そのついでにもう1つ見ておきたいものがあった。場所は東博の法隆寺宝物館のすぐ外側。ここに「博物館動物園前」という京成電鉄の廃駅の駅舎があるというのだ。そういう駅が昔あったということは知っていて、上野から京成電車に乗るとトンネル内の暗闇にぼうっと現れる地下ホーム跡を時々見かけては変な場所だとは思っていた。(今でも少し照明がついていて黄色い壁がよく見えるのだ)その入り口も一度は見たいと思いつつ、さほどの用事でもないので上野に行ってもいつも忘れていた。
初めて見ての印象は、「とても駅とは思えない(笑)」。おそらく博物館を意識したのか国会議事堂のミニチュアのような石造りの立派な建物なのだが、とても小さい(3m四方くらい)ので、赤いランプでもとりつければ「立派な交番」という感じ。解説入りのプレートがかけられていて、それによれば某NPO法人がこの駅舎とホームの有効活用を企画しているそうだ。
一度見て気が済んだので博物館入口に向かって歩いていると、いつもは閉まっている黒門が開いていて、ちょっとした人だかりができていた。何だろう?と見てみると、開いた門の向こうに見事な梅が咲き誇っている。どうやら休日に限って黒門を開けるという運用になったらしい。実は東博の中には小さな梅苑があってお気に入りの場所の1つだったのだが、黒門とこういう位置関係にあったというのは初めて知った次第。
とにかく入場して、東洋館に行く前に梅苑に戻ってみた。ここには十数本ほどの、古木といってもいいようないい感じの梅の林があるのだが、当日は満開で、あたり一面に梅の香りが漂っている。しかし「この程度の規模の梅林であればいたるところにある」と思われるかもしれないがさにあらず。
何が「さにあらず」かというと、この場所は宝物館の手前とはいえ博物館内ではややマイナーな場所なのか、ベンチと灰皿が設置されているのだ!感嘆符を打つような話ではないかもしれないが、昨今の喫煙規制の厳しさの中、ゆったり座って煙草をくゆらしながら梅を鑑賞できる場所というのは稀有ではないかと思うのだ。

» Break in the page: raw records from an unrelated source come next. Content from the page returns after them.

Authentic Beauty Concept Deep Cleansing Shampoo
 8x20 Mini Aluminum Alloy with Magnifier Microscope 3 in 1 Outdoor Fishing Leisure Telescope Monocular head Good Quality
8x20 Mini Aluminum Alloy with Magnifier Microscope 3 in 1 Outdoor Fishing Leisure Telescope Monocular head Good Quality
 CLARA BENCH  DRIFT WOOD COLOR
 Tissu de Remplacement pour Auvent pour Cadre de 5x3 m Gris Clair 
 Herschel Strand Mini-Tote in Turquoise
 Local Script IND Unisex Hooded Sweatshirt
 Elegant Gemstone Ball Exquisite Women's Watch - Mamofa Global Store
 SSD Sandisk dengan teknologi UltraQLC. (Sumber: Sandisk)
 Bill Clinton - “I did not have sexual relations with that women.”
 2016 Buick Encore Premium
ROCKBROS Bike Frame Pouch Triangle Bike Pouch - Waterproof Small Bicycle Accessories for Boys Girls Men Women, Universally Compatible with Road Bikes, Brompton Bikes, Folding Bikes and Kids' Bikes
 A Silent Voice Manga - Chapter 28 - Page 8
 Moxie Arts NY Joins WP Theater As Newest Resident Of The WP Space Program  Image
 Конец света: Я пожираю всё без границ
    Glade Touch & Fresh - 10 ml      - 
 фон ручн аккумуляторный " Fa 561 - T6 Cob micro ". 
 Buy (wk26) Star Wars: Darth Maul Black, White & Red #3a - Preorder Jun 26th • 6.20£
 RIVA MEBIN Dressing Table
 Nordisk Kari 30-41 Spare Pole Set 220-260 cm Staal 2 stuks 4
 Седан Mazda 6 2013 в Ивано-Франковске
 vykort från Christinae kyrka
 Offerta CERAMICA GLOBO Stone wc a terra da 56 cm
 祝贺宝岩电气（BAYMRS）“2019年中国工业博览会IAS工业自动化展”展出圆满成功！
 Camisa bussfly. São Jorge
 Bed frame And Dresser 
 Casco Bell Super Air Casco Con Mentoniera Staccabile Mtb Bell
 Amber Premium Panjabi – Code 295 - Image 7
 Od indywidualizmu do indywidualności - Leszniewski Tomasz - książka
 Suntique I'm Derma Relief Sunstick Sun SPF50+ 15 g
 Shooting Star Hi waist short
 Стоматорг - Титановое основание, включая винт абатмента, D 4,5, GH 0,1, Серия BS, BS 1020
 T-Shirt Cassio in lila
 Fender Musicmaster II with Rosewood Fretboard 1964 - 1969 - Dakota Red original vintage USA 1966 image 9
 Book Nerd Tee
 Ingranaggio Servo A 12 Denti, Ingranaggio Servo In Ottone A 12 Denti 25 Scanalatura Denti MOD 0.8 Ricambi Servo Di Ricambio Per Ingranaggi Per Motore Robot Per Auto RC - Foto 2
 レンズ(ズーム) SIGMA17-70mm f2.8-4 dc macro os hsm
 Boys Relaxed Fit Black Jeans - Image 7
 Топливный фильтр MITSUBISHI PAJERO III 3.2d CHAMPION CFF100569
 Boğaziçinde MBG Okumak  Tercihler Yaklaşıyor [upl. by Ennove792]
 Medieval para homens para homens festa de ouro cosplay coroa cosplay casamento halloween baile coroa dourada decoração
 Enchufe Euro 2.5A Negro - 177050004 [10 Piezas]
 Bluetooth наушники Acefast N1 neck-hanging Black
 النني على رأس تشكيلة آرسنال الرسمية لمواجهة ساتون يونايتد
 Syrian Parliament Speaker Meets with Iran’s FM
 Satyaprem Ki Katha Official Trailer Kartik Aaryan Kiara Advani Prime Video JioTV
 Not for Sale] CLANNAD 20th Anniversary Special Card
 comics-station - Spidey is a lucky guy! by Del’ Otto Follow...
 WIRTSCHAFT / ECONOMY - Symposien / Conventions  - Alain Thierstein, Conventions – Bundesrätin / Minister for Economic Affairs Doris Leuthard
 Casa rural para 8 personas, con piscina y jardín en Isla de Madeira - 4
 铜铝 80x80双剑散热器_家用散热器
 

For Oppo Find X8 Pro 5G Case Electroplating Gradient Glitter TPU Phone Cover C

・・・という長い道草のあと、ようやく目的の東洋館へ。閉館したのは何年も前だったので当時の記憶は定かではないのだが、そんな細かい記憶を手繰り寄せるまでもなく、閉館前当時とは全く変わっていた。とても同じ博物館とは思えない。(ここは感嘆符を打っても良いかもしれない)もちろん、いい意味での変貌だ。展示品自体が大きく変わったとは思えず、1つ1つは以前も見たような気がするので(気のせいかな?)、おそらく館全体としての印象が変わったのだと思う。大ざっぱにいうと、「見せてやっている」という帝室博物館的な感じから「楽しんでいってね」というフレンドリーな施設へと変わった感じ。
「テーマは旅!」というコンセプトを打ち出しているのも好感が持てる。大規模博物館は研究施設なのか啓蒙施設なのかというジレンマが常にあると何かで読んだことがあるが、今回のリニューアルは啓蒙施設のほうにも大きく舵を切った感じ。もともとは耐震工事のための閉館だったらしいが、その機会をとらえてこういう企画を推進してくれたスタッフのかたには大感謝。